Salomão explicou à nossa equipa de reportagem que o centro depara-se com grandes problemas, essencialmente a falta de produtos alimentícios, higiénicos e de deslocação para escolas e universidades.
Revelou que diariamente gastam 2500 francos CFA para as refeições e consomem 7 quilogramas de arroz, tendo sublinhado que a sua deslocação às escolas e às universidades está a ser muito difícil, porque a organização que os acolhe agora só tem um carro disponível para os dois lares.
De acordo com Salomão, o lar jovem só tem a cozinheira e que as outras tarefas são desempenhadas por eles, nomeadamente a limpeza, lavar a roupa e a louça. Referiu que todas essas tarefas são cumpridas mediante uma escala.
“De quando em vez recebemos visitas de alguns meninos dos arredores do lar, que às vezes nos informam se a nossa roupa está limpa ou não ou se tem manchas”, afirmou e disse que para melhor do estado do lar estabeleceram-se regras internas, principalmente as horas de recolher e de estudo. Revelou que o lar conta com 20 jovens, dos quais apenas 14 vivem no pavilhão e outros moram juntos dos parentes ou familiares, mas todas as suas necessidades básicas são garantidas pela AGRICE.
Apesar de viverem no mesmo lar, Lamé disse que gozam de liberdade de escolhas, praticam diferentes religiões, porque saíram de diferentes convivências e comunidades, mas a religião predominante é a cristã evangélica e considerou “muito importante” a religião no seio das pessoas com deficiência.
Informou que todos os jovens que o centro acolhe frequentam escola, uns frequentam a própria escola da organização Bengala Branca, outros continuam a estudar a língua braille, de forma a tornar mais fácil a sua inclusão no ensino normal.
“Com a introdução do ensino especial inclusivo, a AGRICE estabeleceu contatos com várias escolas e algumas disponibilizaram algumas vagas, o que nos permite a assistir as aulas como alunos normais, mas os exames e as avaliações são feitas oralmente”, salientou.

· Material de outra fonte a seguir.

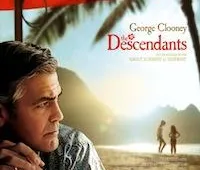 Tweede trailer The Descendants
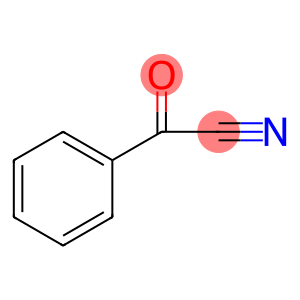 氰化苯甲酰基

Para Salomão, a avaliação oral serve para provar a sociedade que não são inúteis nem são facilitados. Realçou a importância de serem incluídos na escrita braille para que sua inclusão seja mais eficaz, contudo, disse temer que não seja fácil devido à atual situação do país.
Lamé Fernando Quadé afirmou que nos primeiros momentos, não lhes era fácil conviver com outros alunos com um “estado físico normal”, tendo em conta o preconceito que se tem das pessoas portadoras de deficiência, particularmente os deficientes visuais.
“Nos primeiros tempos sentíamo-nos isolados, mas quando começaram os exames já éramos vistos diferentes e tratados de outra forma. Felizmente, os preconceitos sobre o nosso estado físico tem estado a diminuir e nós estamos a esforçarmo-nos cada vez mais para o bom nome dos surdos e cegos e temos estado a trabalhar para que no futuro os nossos irmãos mais novos não enfrentem preconceitos e a discriminação que passamos”, enfatizou.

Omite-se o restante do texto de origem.